§ Problem
Every record must be transcribed in its entirety, apart from the images, which are to be omitted.

Image-text web data:
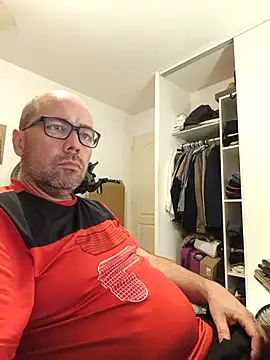 Snapshot of veryverybigdick45 chatting on May 2026 10:28:02 PM veryverybigdick45 online show from May 2026 10:28:02 PM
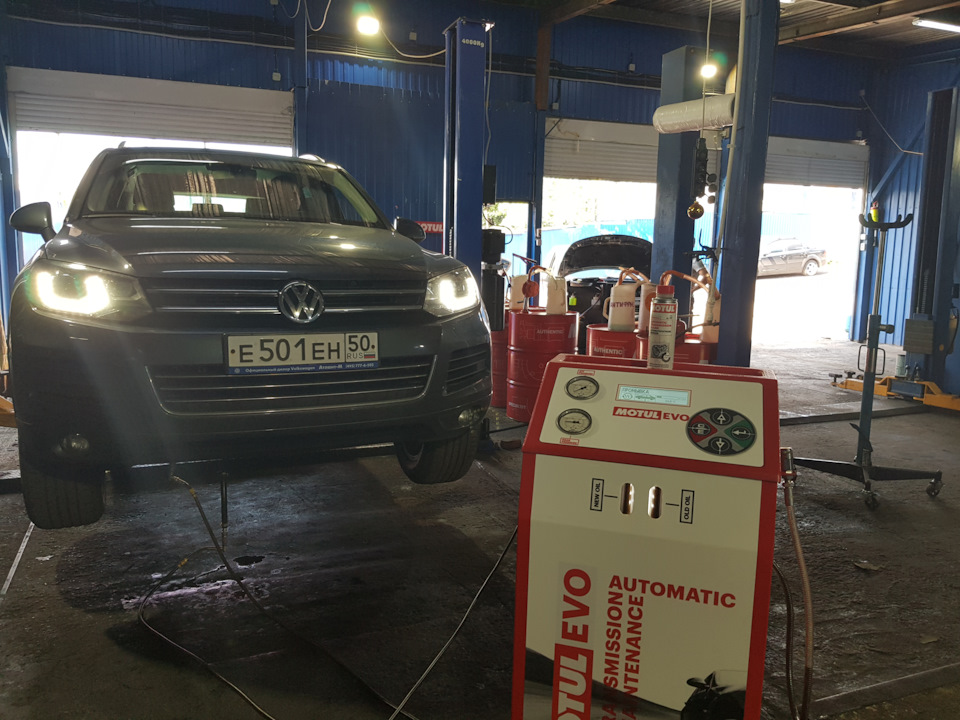 Замена масла в АКПП Volkswagen Touareg Замена масла в АКПП Volkswagen Touareg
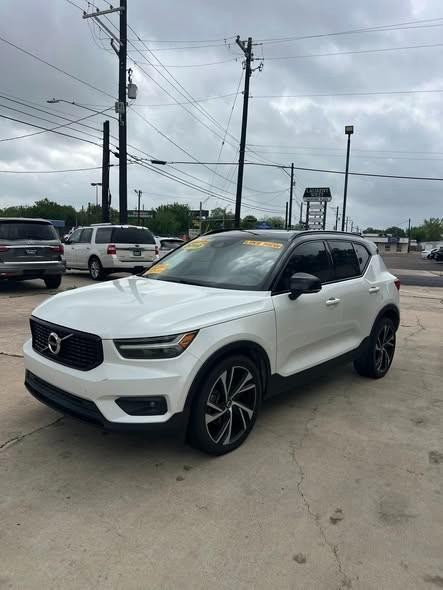 Volvo XC40 R-Design - Victoria TX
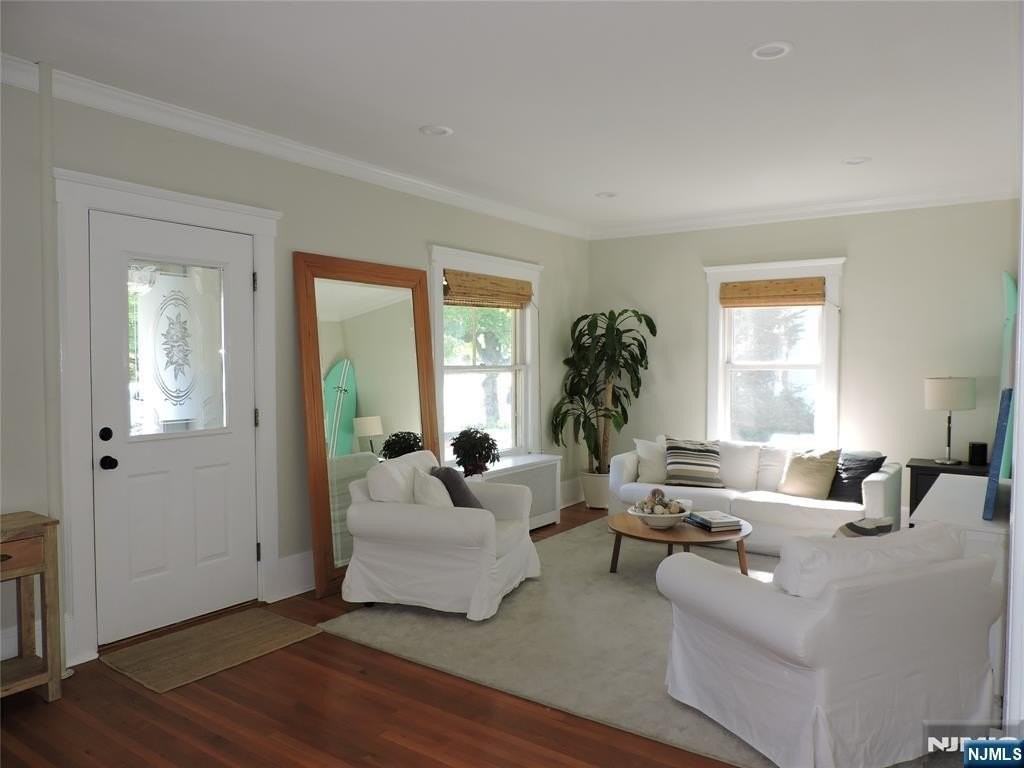 186 Godwin Ave - Photo 3 of 23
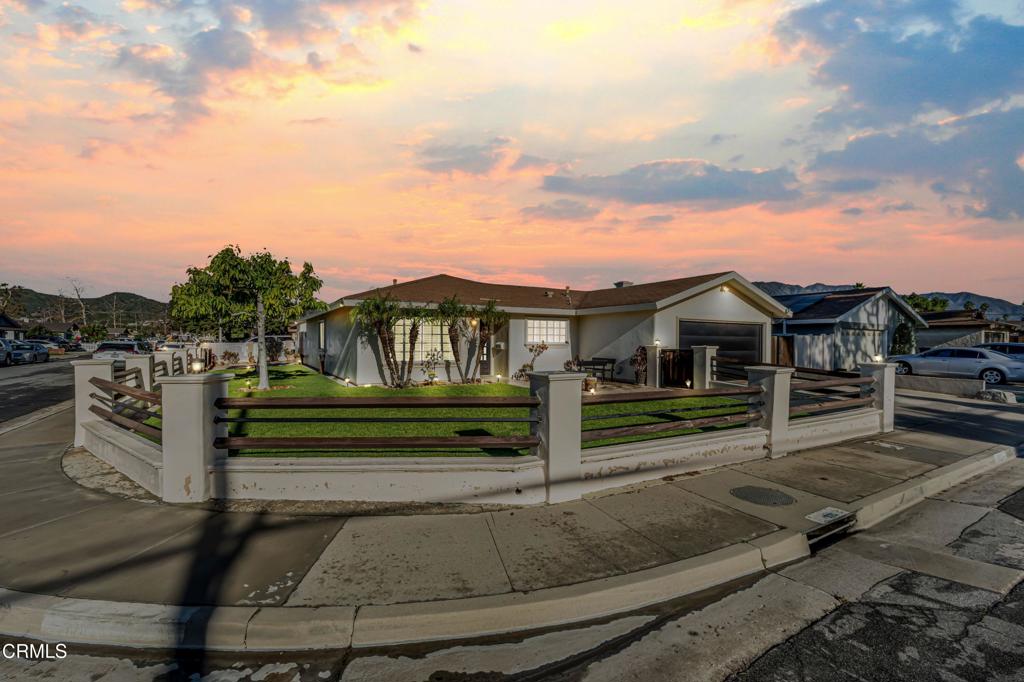 MLS #V1-33877 image #0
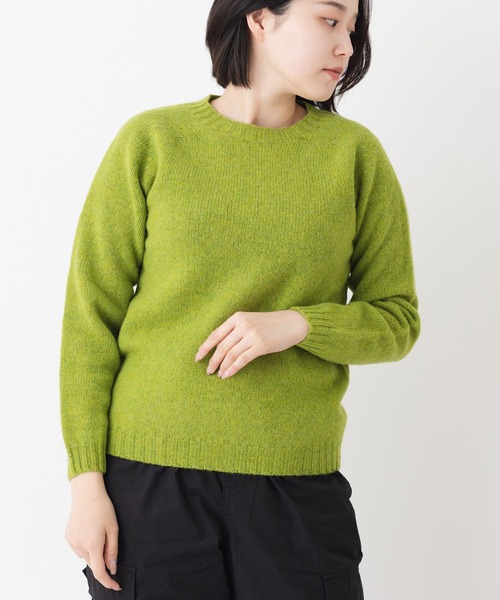 Harley of Scotland(ハーレーオブスコットランド)の「Harley of Scotland クルーネックセーター スーパーソフトウール(ニット/セーター・レディース・ライトブルー/ダークグリーン/ネイビー/ブルー/グリーン/ライトグリーン/ボルドー/ラベンダー/ライトパープル/グリーン系その他/チャコール/ライトピンク/ダークブラウン/アッシュブラウン/ベージュ/モカ/クリーム/イエロー/オリーブ/レッド/ブルー系/ブラウン/ホワイト/ライトグレー/シルバー/ピンク/ライトオリーブ/チェリーピンク/キャメル/ライトカーキ/ロイヤルブルー/グリーン系/ネイビー系/アクア/レモンイエロー/ブラウン系/パープル/レッド系その他/スカイブルー/エメラルド/グレイッシュブルー/モスグリーン・34/36/38/40)」の16枚目の写真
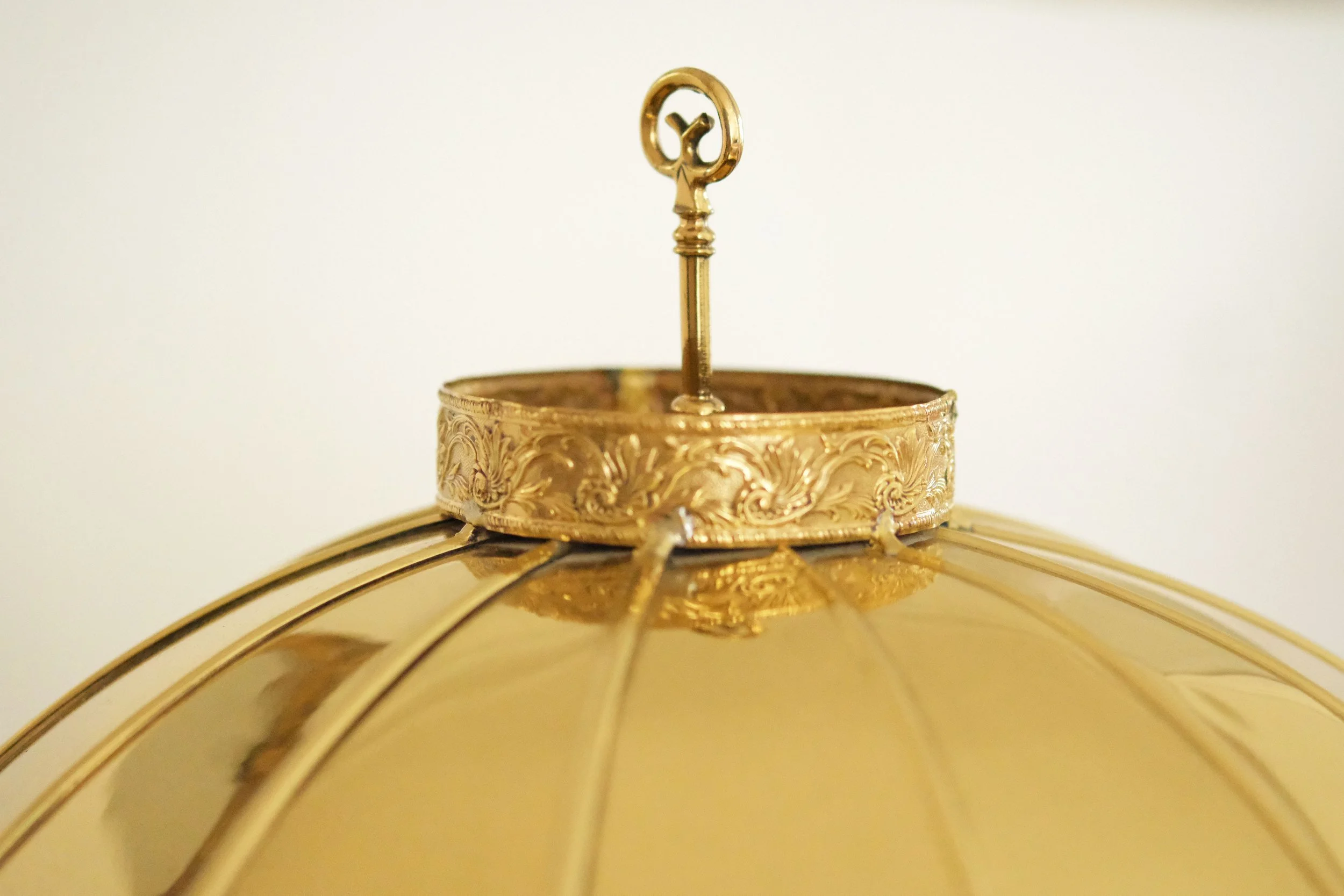 table-lamp-gold-'.jpg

§ Response to this task
 Snapshot of veryverybigdick45 chatting on May 2026 10:28:02 PM veryverybigdick45 online show from May 2026 10:28:02 PM
 Замена масла в АКПП Volkswagen Touareg Замена масла в АКПП Volkswagen Touareg
 Volvo XC40 R-Design - Victoria TX
 186 Godwin Ave - Photo 3 of 23
 MLS #V1-33877 image #0
 Harley of Scotland(ハーレーオブスコットランド)の「Harley of Scotland クルーネックセーター スーパーソフトウール(ニット/セーター・レディース・ライトブルー/ダークグリーン/ネイビー/ブルー/グリーン/ライトグリーン/ボルドー/ラベンダー/ライトパープル/グリーン系その他/チャコール/ライトピンク/ダークブラウン/アッシュブラウン/ベージュ/モカ/クリーム/イエロー/オリーブ/レッド/ブルー系/ブラウン/ホワイト/ライトグレー/シルバー/ピンク/ライトオリーブ/チェリーピンク/キャメル/ライトカーキ/ロイヤルブルー/グリーン系/ネイビー系/アクア/レモンイエロー/ブラウン系/パープル/レッド系その他/スカイブルー/エメラルド/グレイッシュブルー/モスグリーン・34/36/38/40)」の16枚目の写真
 table-lamp-gold-'.jpg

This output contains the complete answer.